Since ERC20 allowances are integral to the functioning of many smart contracts, it is not an option to stop approving allowances altogether. But where possible, try to avoid unlimited allowances.
People are more aware of this issue than a year ago, so some dapps offer the option to only approve the amount you're spending at the moment, but most apps still don't. Even then, advanced users can lower their allowance through Metamask's interface.
When you're using a dapp try to consider if you're going to be using this dapp a lot and you trust the project (unlimited allowance), or if you'll use dapp infrequently or you do not trust the project (smaller allowances). In either case it is also a good practice to review your outstanding allowances periodically (say every month), and revoke those that you're not actively using any more.

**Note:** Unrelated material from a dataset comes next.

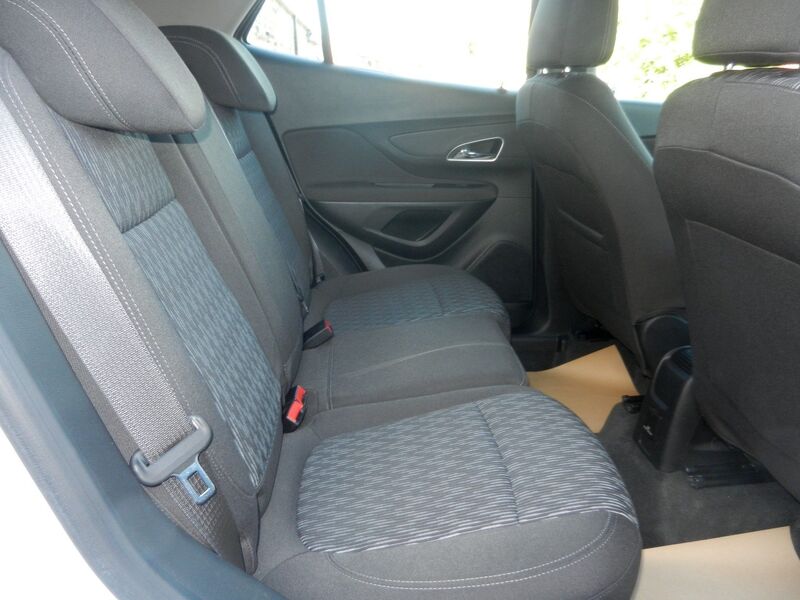 VAUXHALL MOKKA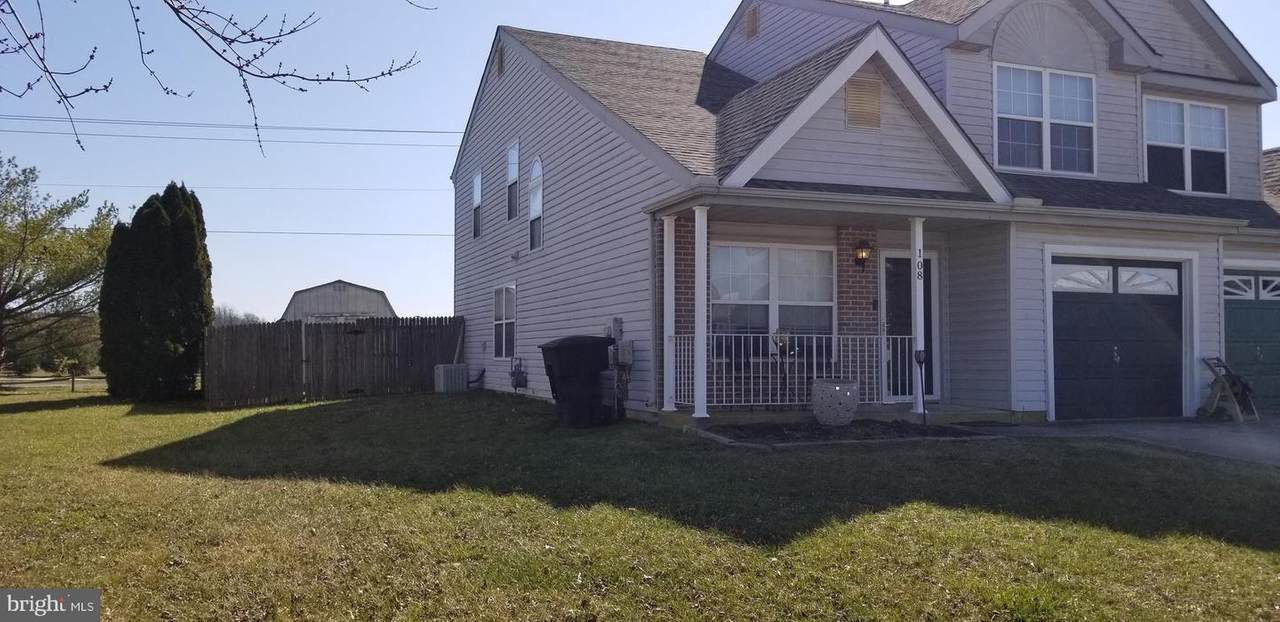 108 Trafalgar Drive - Photo 1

To inspect and revoke these allowances, I developed a tool called revoke.cash. It gives an overview of an address' token balances and corresponding allowances. Allowances can then easily be revoked or lowered. Similar tools such as approved.zone can also be used for this.
How is revoking different from disconnecting MetaMask?
MetaMask has an option to disconnect any accounts that you previously connected to a website. Some people think that using this disconnect button will protect them from exploits. This is not the case.
Disconnecting MetaMask does not do anything to protect you from allowance exploits - or most other exploits. The only thing that you achieve when disconnecting MetaMask from a website is that that website cannot see your address any more.
Allowances are necessary for the functioning of many decentralised applications, but at the same time unlimited allowances are generally harmful to security. We've seen several exploits in the past two years that take advantage of ERC20 allowances, and the awareness of the issue is much higher today than it was in 2019. There are a few things you can do as a user to mitigate the discussed risks, including periodically reviewing and revoking outstanding allowances.